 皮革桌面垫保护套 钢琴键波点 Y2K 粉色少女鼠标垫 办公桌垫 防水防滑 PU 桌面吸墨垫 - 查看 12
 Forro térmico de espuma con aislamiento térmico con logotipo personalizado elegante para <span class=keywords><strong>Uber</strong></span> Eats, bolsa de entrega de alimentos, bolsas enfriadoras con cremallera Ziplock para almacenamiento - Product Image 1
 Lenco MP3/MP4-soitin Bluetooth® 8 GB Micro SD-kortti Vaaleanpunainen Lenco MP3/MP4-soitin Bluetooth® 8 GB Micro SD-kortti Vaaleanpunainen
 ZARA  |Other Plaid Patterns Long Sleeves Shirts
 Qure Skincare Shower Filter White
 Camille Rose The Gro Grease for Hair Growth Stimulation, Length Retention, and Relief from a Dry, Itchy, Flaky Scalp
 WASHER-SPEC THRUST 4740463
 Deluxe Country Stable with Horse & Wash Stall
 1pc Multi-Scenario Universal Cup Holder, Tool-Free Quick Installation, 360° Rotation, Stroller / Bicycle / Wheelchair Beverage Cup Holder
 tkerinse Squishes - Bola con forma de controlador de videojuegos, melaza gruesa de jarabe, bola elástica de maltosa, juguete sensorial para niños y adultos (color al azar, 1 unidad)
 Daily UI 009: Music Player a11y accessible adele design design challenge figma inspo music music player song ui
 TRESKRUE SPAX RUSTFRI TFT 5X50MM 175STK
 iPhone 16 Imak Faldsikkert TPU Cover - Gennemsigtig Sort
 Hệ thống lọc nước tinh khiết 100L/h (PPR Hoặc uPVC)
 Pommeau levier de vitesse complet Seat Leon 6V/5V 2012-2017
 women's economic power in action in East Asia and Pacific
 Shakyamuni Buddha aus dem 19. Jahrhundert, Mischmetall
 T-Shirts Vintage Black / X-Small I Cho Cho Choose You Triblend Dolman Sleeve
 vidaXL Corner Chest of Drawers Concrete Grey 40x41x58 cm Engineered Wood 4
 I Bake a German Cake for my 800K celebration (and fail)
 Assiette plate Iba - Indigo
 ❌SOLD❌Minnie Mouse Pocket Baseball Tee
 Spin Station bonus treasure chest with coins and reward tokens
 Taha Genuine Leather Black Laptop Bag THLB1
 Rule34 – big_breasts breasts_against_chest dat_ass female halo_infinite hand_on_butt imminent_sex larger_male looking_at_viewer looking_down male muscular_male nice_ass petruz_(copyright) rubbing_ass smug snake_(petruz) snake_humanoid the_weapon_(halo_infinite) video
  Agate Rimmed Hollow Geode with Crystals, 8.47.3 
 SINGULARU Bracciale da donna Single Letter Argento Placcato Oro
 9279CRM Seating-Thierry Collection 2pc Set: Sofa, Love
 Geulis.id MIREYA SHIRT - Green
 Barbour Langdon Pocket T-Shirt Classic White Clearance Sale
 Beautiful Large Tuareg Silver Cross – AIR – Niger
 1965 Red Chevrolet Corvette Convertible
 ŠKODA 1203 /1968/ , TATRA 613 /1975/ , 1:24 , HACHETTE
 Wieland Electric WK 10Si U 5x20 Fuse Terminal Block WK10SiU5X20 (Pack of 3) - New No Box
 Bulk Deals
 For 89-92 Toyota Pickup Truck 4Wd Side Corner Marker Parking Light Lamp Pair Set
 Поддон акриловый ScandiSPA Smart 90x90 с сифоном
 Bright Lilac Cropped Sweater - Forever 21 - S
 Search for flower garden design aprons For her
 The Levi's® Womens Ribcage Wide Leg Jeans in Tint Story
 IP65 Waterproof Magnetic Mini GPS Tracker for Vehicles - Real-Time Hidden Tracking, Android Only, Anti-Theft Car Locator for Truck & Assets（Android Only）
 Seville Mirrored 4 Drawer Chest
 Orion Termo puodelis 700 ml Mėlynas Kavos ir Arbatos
..........
* [AIM OF THE EXERCISE]
Quote the data above in full, changing nothing.

* [RESULT OF THE TASK]
 皮革桌面垫保护套 钢琴键波点 Y2K 粉色少女鼠标垫 办公桌垫 防水防滑 PU 桌面吸墨垫 - 查看 12
 Forro térmico de espuma con aislamiento térmico con logotipo personalizado elegante para <span class=keywords><strong>Uber</strong></span> Eats, bolsa de entrega de alimentos, bolsas enfriadoras con cremallera Ziplock para almacenamiento - Product Image 1
 Lenco MP3/MP4-soitin Bluetooth® 8 GB Micro SD-kortti Vaaleanpunainen Lenco MP3/MP4-soitin Bluetooth® 8 GB Micro SD-kortti Vaaleanpunainen
 ZARA  |Other Plaid Patterns Long Sleeves Shirts
 Qure Skincare Shower Filter White
 Camille Rose The Gro Grease for Hair Growth Stimulation, Length Retention, and Relief from a Dry, Itchy, Flaky Scalp
 WASHER-SPEC THRUST 4740463
 Deluxe Country Stable with Horse & Wash Stall
 1pc Multi-Scenario Universal Cup Holder, Tool-Free Quick Installation, 360° Rotation, Stroller / Bicycle / Wheelchair Beverage Cup Holder
 tkerinse Squishes - Bola con forma de controlador de videojuegos, melaza gruesa de jarabe, bola elástica de maltosa, juguete sensorial para niños y adultos (color al azar, 1 unidad)
 Daily UI 009: Music Player a11y accessible adele design design challenge figma inspo music music player song ui
 TRESKRUE SPAX RUSTFRI TFT 5X50MM 175STK
 iPhone 16 Imak Faldsikkert TPU Cover - Gennemsigtig Sort
 Hệ thống lọc nước tinh khiết 100L/h (PPR Hoặc uPVC)
 Pommeau levier de vitesse complet Seat Leon 6V/5V 2012-2017
 women's economic power in action in East Asia and Pacific
 Shakyamuni Buddha aus dem 19. Jahrhundert, Mischmetall
 T-Shirts Vintage Black / X-Small I Cho Cho Choose You Triblend Dolman Sleeve
 vidaXL Corner Chest of Drawers Concrete Grey 40x41x58 cm Engineered Wood 4
 I Bake a German Cake for my 800K celebration (and fail)
 Assiette plate Iba - Indigo
 ❌SOLD❌Minnie Mouse Pocket Baseball Tee
 Spin Station bonus treasure chest with coins and reward tokens
 Taha Genuine Leather Black Laptop Bag THLB1
 Rule34 – big_breasts breasts_against_chest dat_ass female halo_infinite hand_on_butt imminent_sex larger_male looking_at_viewer looking_down male muscular_male nice_ass petruz_(copyright) rubbing_ass smug snake_(petruz) snake_humanoid the_weapon_(halo_infinite) video
  Agate Rimmed Hollow Geode with Crystals, 8.47.3 
 SINGULARU Bracciale da donna Single Letter Argento Placcato Oro
 9279CRM Seating-Thierry Collection 2pc Set: Sofa, Love
 Geulis.id MIREYA SHIRT - Green
 Barbour Langdon Pocket T-Shirt Classic White Clearance Sale
 Beautiful Large Tuareg Silver Cross – AIR – Niger
 1965 Red Chevrolet Corvette Convertible
 ŠKODA 1203 /1968/ , TATRA 613 /1975/ , 1:24 , HACHETTE
 Wieland Electric WK 10Si U 5x20 Fuse Terminal Block WK10SiU5X20 (Pack of 3) - New No Box
 Bulk Deals
 For 89-92 Toyota Pickup Truck 4Wd Side Corner Marker Parking Light Lamp Pair Set
 Поддон акриловый ScandiSPA Smart 90x90 с сифоном
 Bright Lilac Cropped Sweater - Forever 21 - S
 Search for flower garden design aprons For her
 The Levi's® Womens Ribcage Wide Leg Jeans in Tint Story
 IP65 Waterproof Magnetic Mini GPS Tracker for Vehicles - Real-Time Hidden Tracking, Android Only, Anti-Theft Car Locator for Truck & Assets（Android Only）
 Seville Mirrored 4 Drawer Chest
 Orion Termo puodelis 700 ml Mėlynas Kavos ir Arbatos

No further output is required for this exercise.